[Stored dataset items]

================

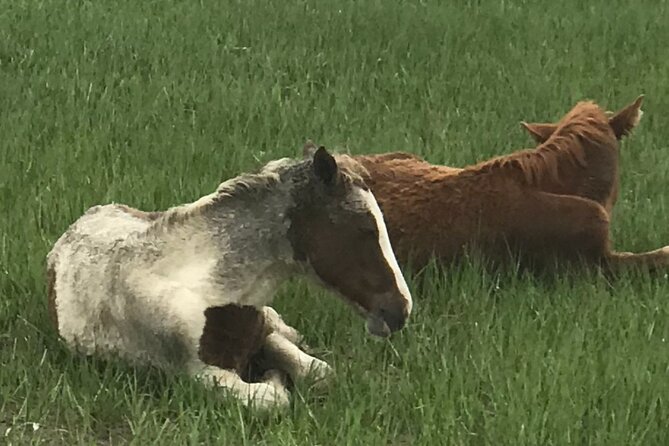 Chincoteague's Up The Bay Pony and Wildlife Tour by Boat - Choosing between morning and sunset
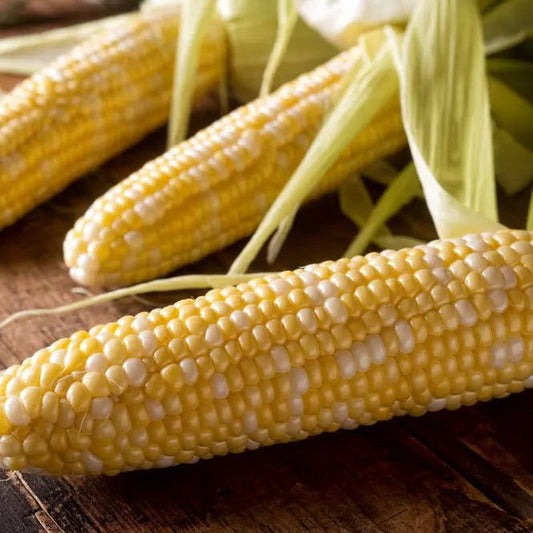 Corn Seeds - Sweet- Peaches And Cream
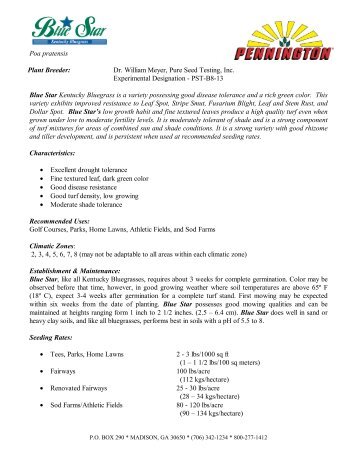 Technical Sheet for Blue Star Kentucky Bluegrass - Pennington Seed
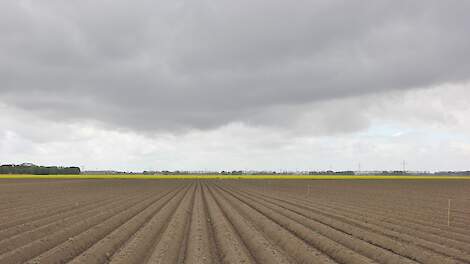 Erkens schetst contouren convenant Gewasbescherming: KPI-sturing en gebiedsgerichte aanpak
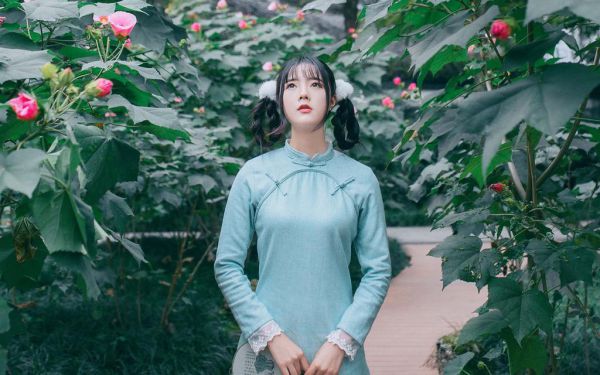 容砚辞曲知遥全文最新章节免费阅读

================

▶ [Task description] Give an exact copy of the line containing "Corn Seeds - Sweet- Peaches And Cream" and every line after it through the end of the entries. Pictures are to be dropped.

▶ [Response]
 Corn Seeds - Sweet- Peaches And Cream
 Technical Sheet for Blue Star Kentucky Bluegrass - Pennington Seed
 Erkens schetst contouren convenant Gewasbescherming: KPI-sturing en gebiedsgerichte aanpak
 容砚辞曲知遥全文最新章节免费阅读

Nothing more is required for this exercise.